● **What you need to do**: Your job is to reproduce all of the data exactly.

● **Record set**:
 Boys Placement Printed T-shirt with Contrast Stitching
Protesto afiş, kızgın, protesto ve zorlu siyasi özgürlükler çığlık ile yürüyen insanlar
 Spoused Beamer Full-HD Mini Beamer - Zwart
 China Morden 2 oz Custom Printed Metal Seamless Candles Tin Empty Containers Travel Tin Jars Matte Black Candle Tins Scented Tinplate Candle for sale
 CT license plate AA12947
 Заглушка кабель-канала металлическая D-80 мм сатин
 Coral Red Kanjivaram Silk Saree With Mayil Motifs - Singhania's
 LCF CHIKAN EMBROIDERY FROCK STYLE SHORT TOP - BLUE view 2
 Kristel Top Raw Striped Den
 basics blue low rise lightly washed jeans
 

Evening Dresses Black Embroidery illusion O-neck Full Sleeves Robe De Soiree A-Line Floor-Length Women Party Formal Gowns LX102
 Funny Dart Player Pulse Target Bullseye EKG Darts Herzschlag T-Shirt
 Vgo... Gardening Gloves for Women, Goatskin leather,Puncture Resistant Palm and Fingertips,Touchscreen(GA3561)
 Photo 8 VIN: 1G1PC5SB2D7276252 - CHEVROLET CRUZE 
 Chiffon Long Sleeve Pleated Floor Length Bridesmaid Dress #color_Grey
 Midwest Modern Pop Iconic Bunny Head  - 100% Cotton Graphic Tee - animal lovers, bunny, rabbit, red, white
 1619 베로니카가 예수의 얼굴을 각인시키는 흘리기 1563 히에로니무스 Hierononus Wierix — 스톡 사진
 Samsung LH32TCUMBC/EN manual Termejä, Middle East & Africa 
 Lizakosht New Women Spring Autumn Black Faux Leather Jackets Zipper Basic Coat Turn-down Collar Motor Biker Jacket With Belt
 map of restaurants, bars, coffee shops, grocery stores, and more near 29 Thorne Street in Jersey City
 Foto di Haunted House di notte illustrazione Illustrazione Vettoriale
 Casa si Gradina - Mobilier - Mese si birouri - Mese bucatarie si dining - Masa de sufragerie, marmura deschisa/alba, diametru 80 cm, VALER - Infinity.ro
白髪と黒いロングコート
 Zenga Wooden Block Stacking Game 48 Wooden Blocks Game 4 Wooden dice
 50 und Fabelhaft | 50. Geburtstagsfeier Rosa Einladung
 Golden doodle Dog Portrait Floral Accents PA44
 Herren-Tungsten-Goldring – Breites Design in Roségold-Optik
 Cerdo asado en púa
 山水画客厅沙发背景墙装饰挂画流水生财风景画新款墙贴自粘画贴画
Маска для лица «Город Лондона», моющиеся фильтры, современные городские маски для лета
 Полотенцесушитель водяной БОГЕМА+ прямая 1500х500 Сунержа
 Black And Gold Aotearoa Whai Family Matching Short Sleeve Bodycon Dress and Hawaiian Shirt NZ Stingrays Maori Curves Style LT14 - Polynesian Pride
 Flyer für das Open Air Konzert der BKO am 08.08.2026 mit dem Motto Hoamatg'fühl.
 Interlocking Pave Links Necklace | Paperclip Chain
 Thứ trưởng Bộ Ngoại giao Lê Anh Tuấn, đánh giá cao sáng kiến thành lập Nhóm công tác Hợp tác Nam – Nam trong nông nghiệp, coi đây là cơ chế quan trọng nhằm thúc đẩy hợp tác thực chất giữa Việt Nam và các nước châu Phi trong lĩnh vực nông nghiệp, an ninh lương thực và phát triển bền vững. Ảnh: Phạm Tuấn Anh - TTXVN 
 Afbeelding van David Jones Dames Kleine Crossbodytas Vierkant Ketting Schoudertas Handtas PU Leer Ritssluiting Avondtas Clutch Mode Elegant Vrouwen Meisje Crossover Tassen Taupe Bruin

● **Your solution**:
 Boys Placement Printed T-shirt with Contrast Stitching
Protesto afiş, kızgın, protesto ve zorlu siyasi özgürlükler çığlık ile yürüyen insanlar
 Spoused Beamer Full-HD Mini Beamer - Zwart
 China Morden 2 oz Custom Printed Metal Seamless Candles Tin Empty Containers Travel Tin Jars Matte Black Candle Tins Scented Tinplate Candle for sale
 CT license plate AA12947
 Заглушка кабель-канала металлическая D-80 мм сатин
 Coral Red Kanjivaram Silk Saree With Mayil Motifs - Singhania's
 LCF CHIKAN EMBROIDERY FROCK STYLE SHORT TOP - BLUE view 2
 Kristel Top Raw Striped Den
 basics blue low rise lightly washed jeans
 

Evening Dresses Black Embroidery illusion O-neck Full Sleeves Robe De Soiree A-Line Floor-Length Women Party Formal Gowns LX102
 Funny Dart Player Pulse Target Bullseye EKG Darts Herzschlag T-Shirt
 Vgo... Gardening Gloves for Women, Goatskin leather,Puncture Resistant Palm and Fingertips,Touchscreen(GA3561)
 Photo 8 VIN: 1G1PC5SB2D7276252 - CHEVROLET CRUZE 
 Chiffon Long Sleeve Pleated Floor Length Bridesmaid Dress #color_Grey
 Midwest Modern Pop Iconic Bunny Head  - 100% Cotton Graphic Tee - animal lovers, bunny, rabbit, red, white
 1619 베로니카가 예수의 얼굴을 각인시키는 흘리기 1563 히에로니무스 Hierononus Wierix — 스톡 사진
 Samsung LH32TCUMBC/EN manual Termejä, Middle East & Africa 
 Lizakosht New Women Spring Autumn Black Faux Leather Jackets Zipper Basic Coat Turn-down Collar Motor Biker Jacket With Belt
 map of restaurants, bars, coffee shops, grocery stores, and more near 29 Thorne Street in Jersey City
 Foto di Haunted House di notte illustrazione Illustrazione Vettoriale
 Casa si Gradina - Mobilier - Mese si birouri - Mese bucatarie si dining - Masa de sufragerie, marmura deschisa/alba, diametru 80 cm, VALER - Infinity.ro
白髪と黒いロングコート
 Zenga Wooden Block Stacking Game 48 Wooden Blocks Game 4 Wooden dice
 50 und Fabelhaft | 50. Geburtstagsfeier Rosa Einladung
 Golden doodle Dog Portrait Floral Accents PA44
 Herren-Tungsten-Goldring – Breites Design in Roségold-Optik
 Cerdo asado en púa
 山水画客厅沙发背景墙装饰挂画流水生财风景画新款墙贴自粘画贴画
Маска для лица «Город Лондона», моющиеся фильтры, современные городские маски для лета
 Полотенцесушитель водяной БОГЕМА+ прямая 1500х500 Сунержа
 Black And Gold Aotearoa Whai Family Matching Short Sleeve Bodycon Dress and Hawaiian Shirt NZ Stingrays Maori Curves Style LT14 - Polynesian Pride
 Flyer für das Open Air Konzert der BKO am 08.08.2026 mit dem Motto Hoamatg'fühl.
 Interlocking Pave Links Necklace | Paperclip Chain
 Thứ trưởng Bộ Ngoại giao Lê Anh Tuấn, đánh giá cao sáng kiến thành lập Nhóm công tác Hợp tác Nam – Nam trong nông nghiệp, coi đây là cơ chế quan trọng nhằm thúc đẩy hợp tác thực chất giữa Việt Nam và các nước châu Phi trong lĩnh vực nông nghiệp, an ninh lương thực và phát triển bền vững. Ảnh: Phạm Tuấn Anh - TTXVN 
 Afbeelding van David Jones Dames Kleine Crossbodytas Vierkant Ketting Schoudertas Handtas PU Leer Ritssluiting Avondtas Clutch Mode Elegant Vrouwen Meisje Crossover Tassen Taupe Bruin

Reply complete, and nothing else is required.